**Supplied material**
◆ ◆ ◆ ◆ ◆

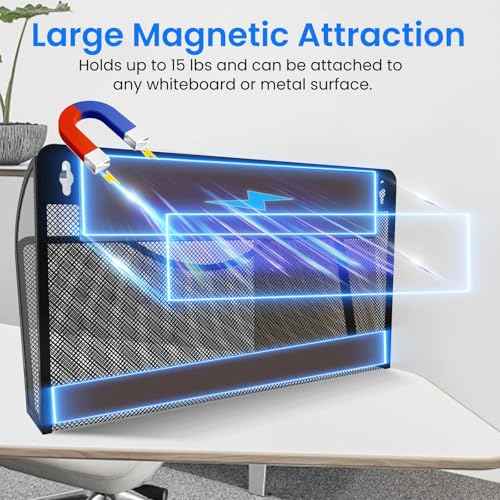 6 Pack Magnetic File Holder, Magnetic Pocket Wall File Holder, Mesh Wall Paper Organizer, Vertical Mail Basket, Storage Organization Magazine Rack for Office, Home and School
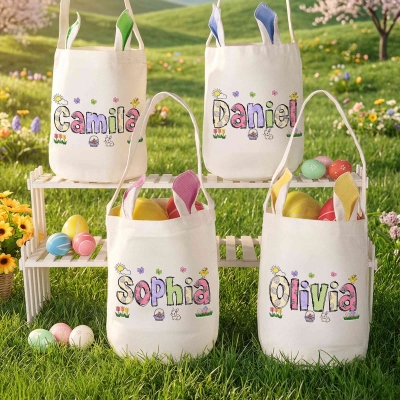 Personalisierter Osterkorb mit Namen, gepunktetem Alphabet und Namen, Osterbeutel aus Baumwollleinen mit Hasenohren, Ostergeschenk für Kinder/Jungen/Mädchen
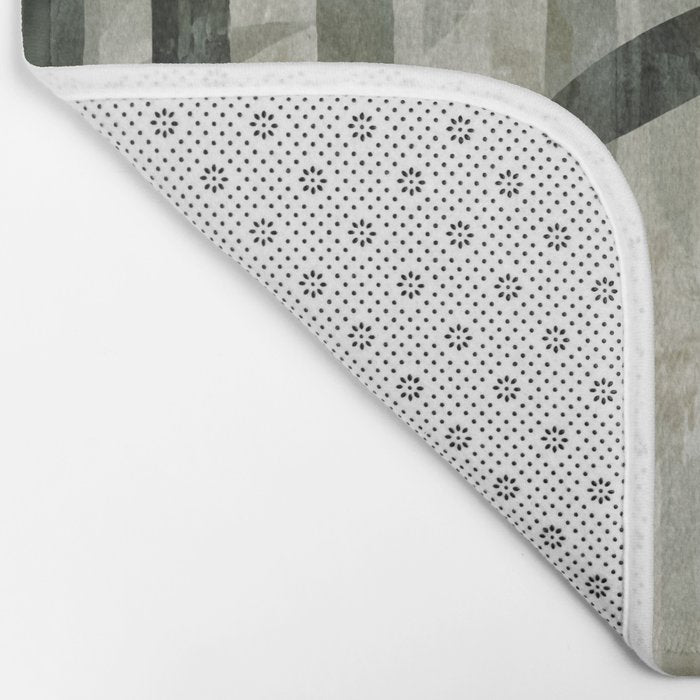 Stylized Bamboo Garden Watercolor Bath Mat Gallery Image 2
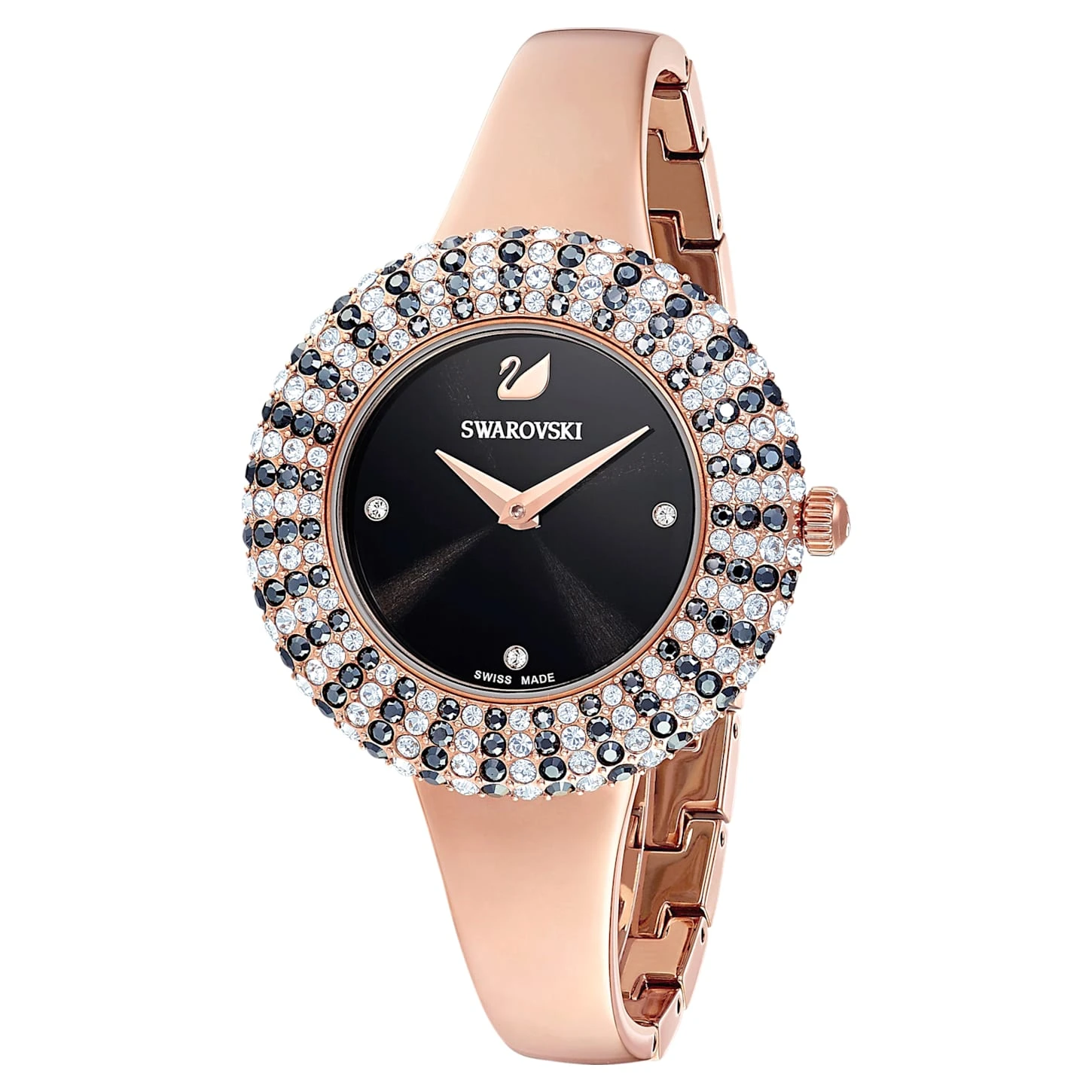 Swarovski Crystal Rose Watch Swiss Made, Metal Bracelet, Black, Rose Gold-tone Finish 7 Swarovski Crystal Rose Watch Swiss Made, Metal Bracelet, Black, Rose Gold-tone Finish - Image 5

◆ ◆ ◆ ◆ ◆

**Problem details**
Repeat, exactly and only, the lines from the one containing "Stylized Bamboo Garden" through the final line of the data, both ends included, leaving out any picture.

**Expected answer**
 Stylized Bamboo Garden Watercolor Bath Mat Gallery Image 2
 Swarovski Crystal Rose Watch Swiss Made, Metal Bracelet, Black, Rose Gold-tone Finish 7 Swarovski Crystal Rose Watch Swiss Made, Metal Bracelet, Black, Rose Gold-tone Finish - Image 5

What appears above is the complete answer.